I try to predict some kind of air temperature based on Height Model, Vegetation Index, Buildings, Sealing etc.

  • 1
    You should probably add a little more information about the computing environment. I suspect you're using the R package mgcv? It would also help to know more about the specfic variables you're using. – COOLSerdash Jan 30 '23 at 07:57
  • 2
    Scaling a random variable (by a constant) to achieve a Gaussian distribution can only happen if the original distribution was already Gaussian? In any case, the predictors in the GAM don't need to be Gaussian. Can you elaborate on your model more? What is the family/link choice? Regarding your second question, yes whatever variable is used in the estimation should be the same variable passed to the prediction. – statsplease Jan 30 '23 at 08:20
  • @COOLSerdash yes you are right, I'm using mgcv in a R environment. - I adjusted my question accordingly. – Marcel Gangwisch Jan 30 '23 at 09:06
  • @statsplease thanks for your comment. You are right if you are just scaling, but if I transform the data by log/sqrt or by box-cox/yeo-johnson I also change the distribution. – Marcel Gangwisch Jan 30 '23 at 10:05
  • 2
    But why would you transform them given we are using splines anyway? – usεr11852 Jan 30 '23 at 11:15
  • 2
    Why are you transforming your data to a Gaussian distribution? There's no point in doing so. – jbowman Feb 01 '23 at 22:39
  • ok; I try to run the model without transforming, but only scaling. - Thank you for your remarks! – Marcel Gangwisch Feb 05 '23 at 16:56
  • 1
    Let's suppose one predictor is binary. Then there is no scope to make it Gaussian. No transformation can do anything useful. But there is no need to make it Gaussian. The idea that predictors should be Gaussian is a myth. What is true is that some non-Gaussian predictors can be hard to handle and might be easier to work with if transformed. – Nick Cox Feb 06 '23 at 08:56

2 Answers2

3

Scaling/Transformation

To directly answer your two main questions here: the answer is no to both.

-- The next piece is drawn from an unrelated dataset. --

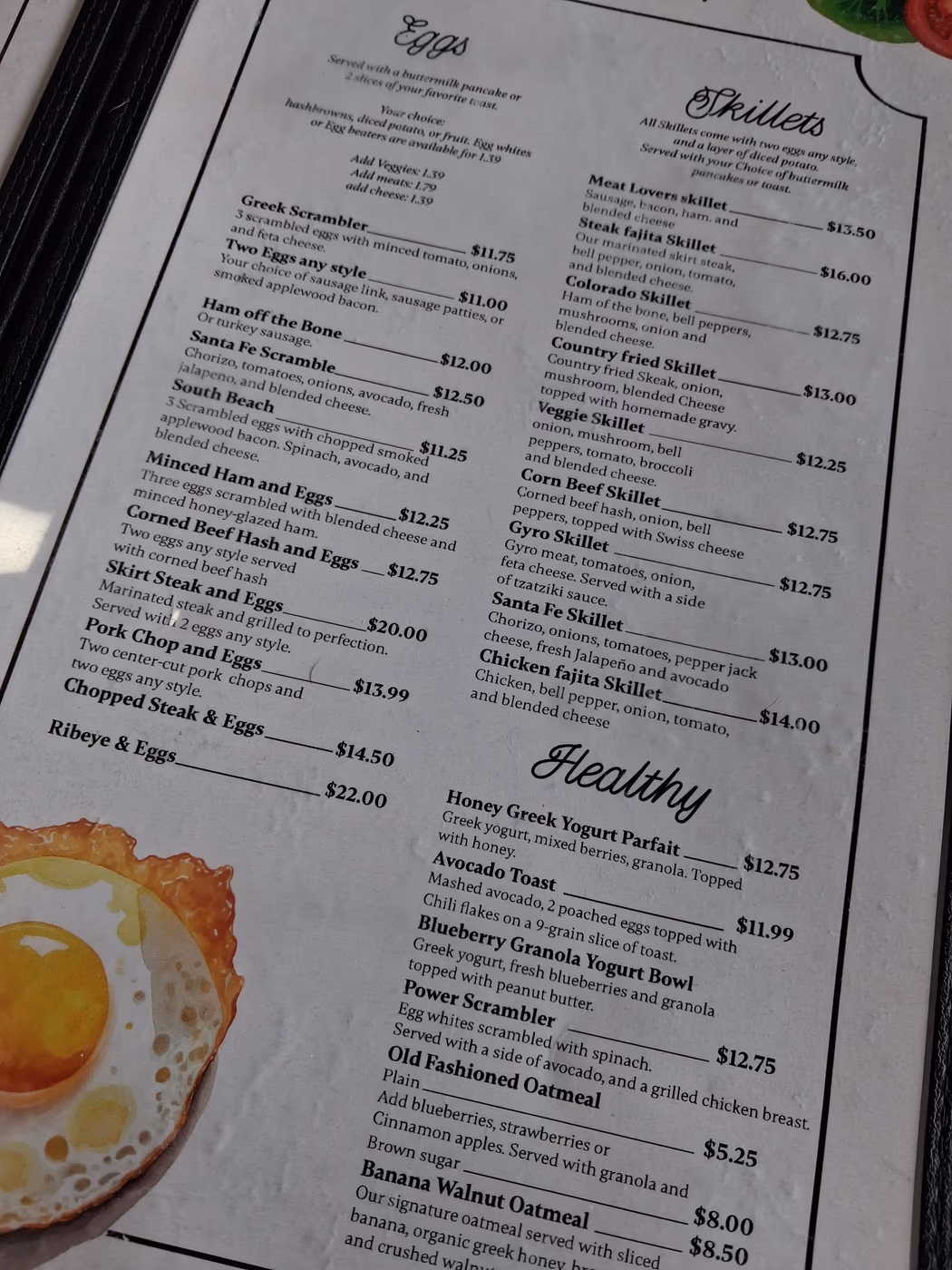 Honey Toast Cafe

First off, there is pretty much no defensible reason to scale or transform your variables here. Even if you were to include some interaction term here, you could simply add tensor product splines to your model and avoid any transformation/scaling that would necessitate it in other regression interactions. The only real thing you should be concerned with in that respect is having the appropriate regression link function. Unfortunately, without knowing more about your data, it is hard to say. If you have a normally distributed outcome variable, then there is no need to change this, and it looks like you have already explicitly modeled it as such anyway with family = gaussian(). So just leave your predictors in without scaling/transformation. I don't know if the scale and control arguments have been expressed here for that purpose, but I would just remove those terms. I also don't know what cluster is being used here for.

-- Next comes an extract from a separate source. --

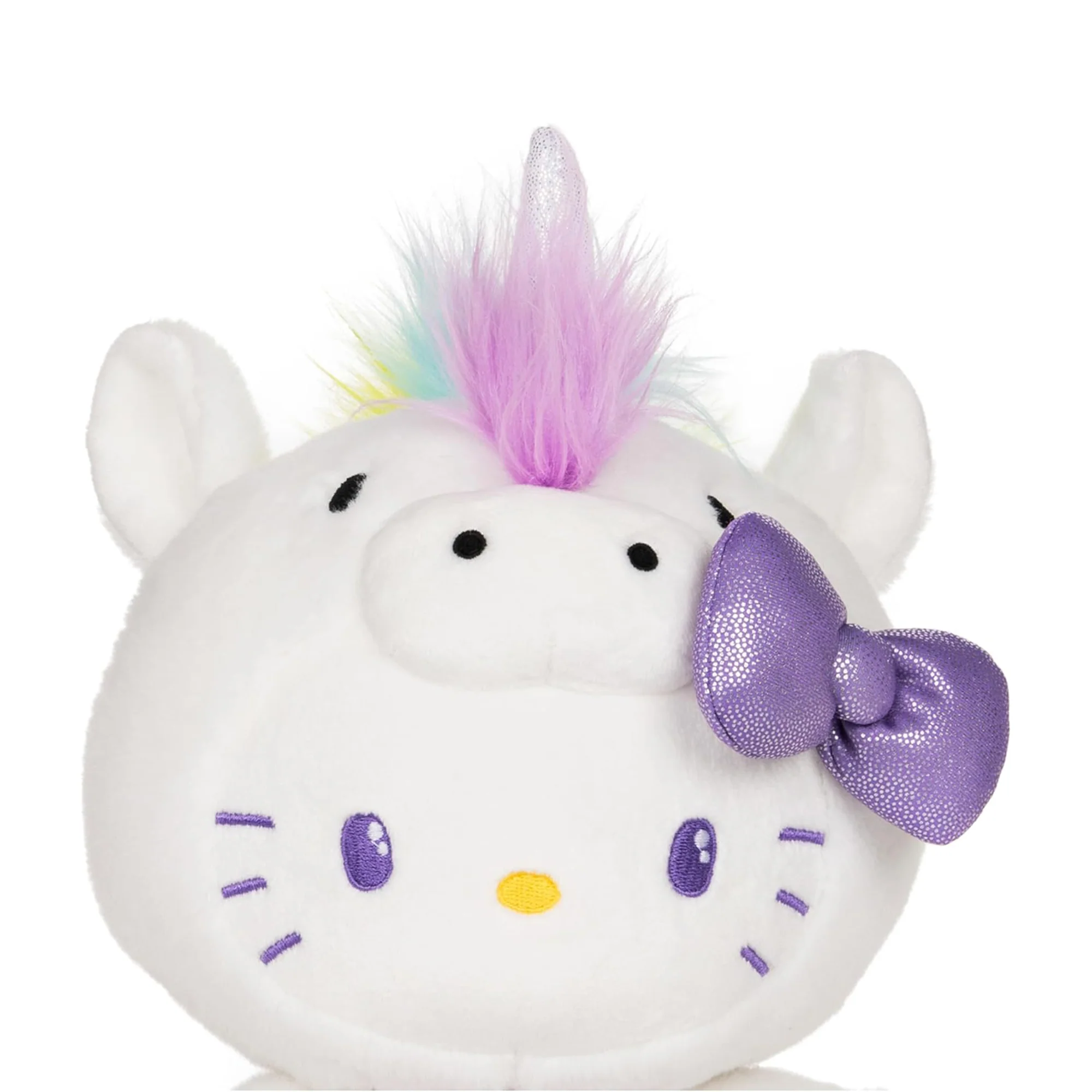 Hello Kitty x GUND 10" Unicorn Plush - Image 3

As an example of why this is not helpful, I have fit two models with the MASS package's mcycle data, one scaled and one not scaled. I have then plotted them thereafter.

#### Load Libraries ####
library(MASS)
library(mgcv)
library(tidyverse)

Scale Data

data <- mcycle %>% mutate(scale_times = scale(times))

Fit Unscaled Model

fit.reg <- gam( accel ~ s(times, bs = "cr"), data = data, method = "REML" )

Fit Scaled Model

fit.scale <- gam( accel ~ s(scale_times, bs = "cr"), data = data, method = "REML" )

Plot Them

par(mfrow = (c(1,2))) plot(fit.reg) plot(fit.scale)

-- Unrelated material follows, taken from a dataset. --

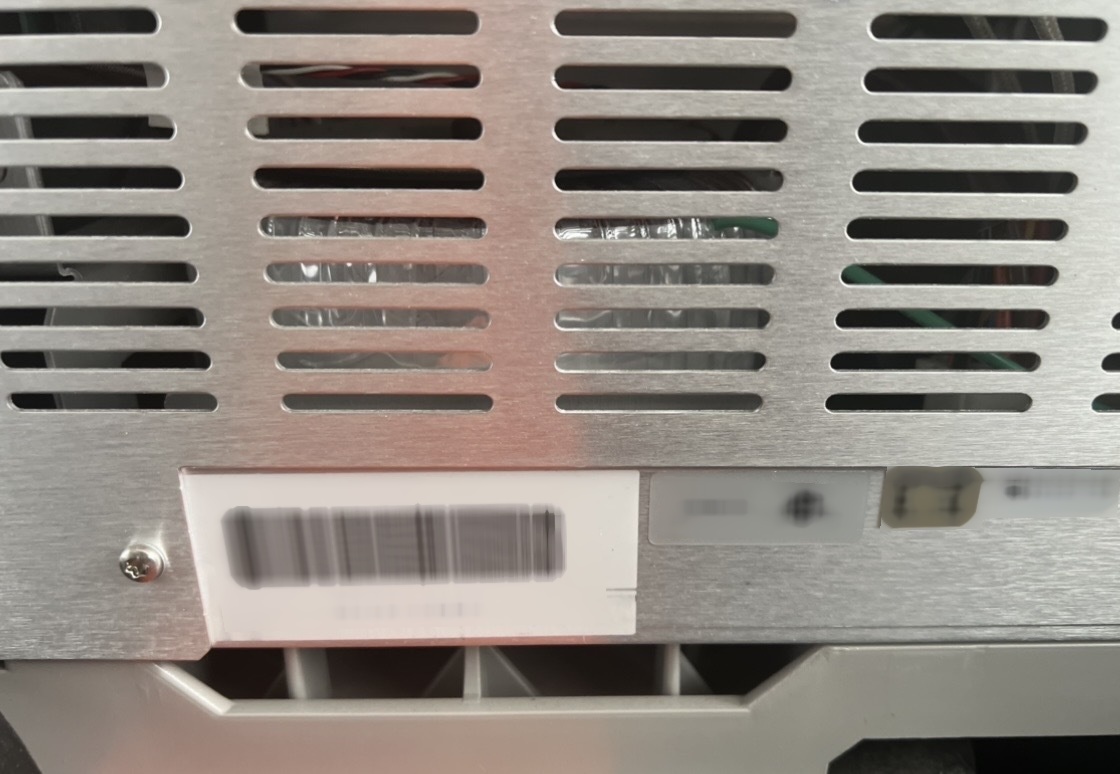圖為 已使用的 AGILENT / HP / HEWLETT-PACKARD / KEYSIGHT 6890N 待售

You can probably see an issue already:

enter image description here

This mcycle data is typically used for GAMs, and shows time in milliseconds after a crash plotted against head acceleration in g's. The plot to the left is the data in raw form. With this, we can predict or at least guess where the crash test dummy's head should be located after specific times (for example, around 15 milliseconds we expect somebody's head to jerk in one direction, then whiplash after about 20 milliseconds.) The plot to the right (the scaled version), has completely lost interpretability. Now we have z-scores on the x-axis and we cannot ascertain what this actually means in terms of head acceleration. What does a z-score of zero mean here? Very little if anything.

Of course, what scaling you use may solve different problems (maybe you are converting hours to minutes or something similar). But as it stands you really shouldn't adjust this in your data. Other transformations would likely yield equally dubious outcomes.

Spline Terms

I'm also not sure what you are doing with your splines. In your question you say they are cubic regression splines, but it is not specified as so based off your code. You are using a thin plate regression spline called ts, but personally I would recommend against using this in a bam model. You are likely using bam for speed of estimation (due to a large number of observations, etc.), and you are already using discrete to increase the speed of this optimization. Thin plate regression splines tend to increase the amount of time it takes to estimate and likely unnecessarily so because they estimate as many unknown parameters as there are unique combinations of covariate values in a data set (see Simpson, 2018). Since you are using single predictor terms here, you could consider instead using something less computationally demanding like a cr cubic regression spline instead. It may be helpful to know why gamma is being used too if you are including thin plate regression splines. Gamma is usually adjusted to make your model more smooth.

Knots

You have set k to k here (I'm assuming you saved this elsewhere), but generically adding this number of knots to all your predictors may not be wise. Check to see what your data actually looks like and see if it needs a higher degree of specificity. If for example there are several curves in your model and you have k=5, your regression will miss a lot of this curvilinearity.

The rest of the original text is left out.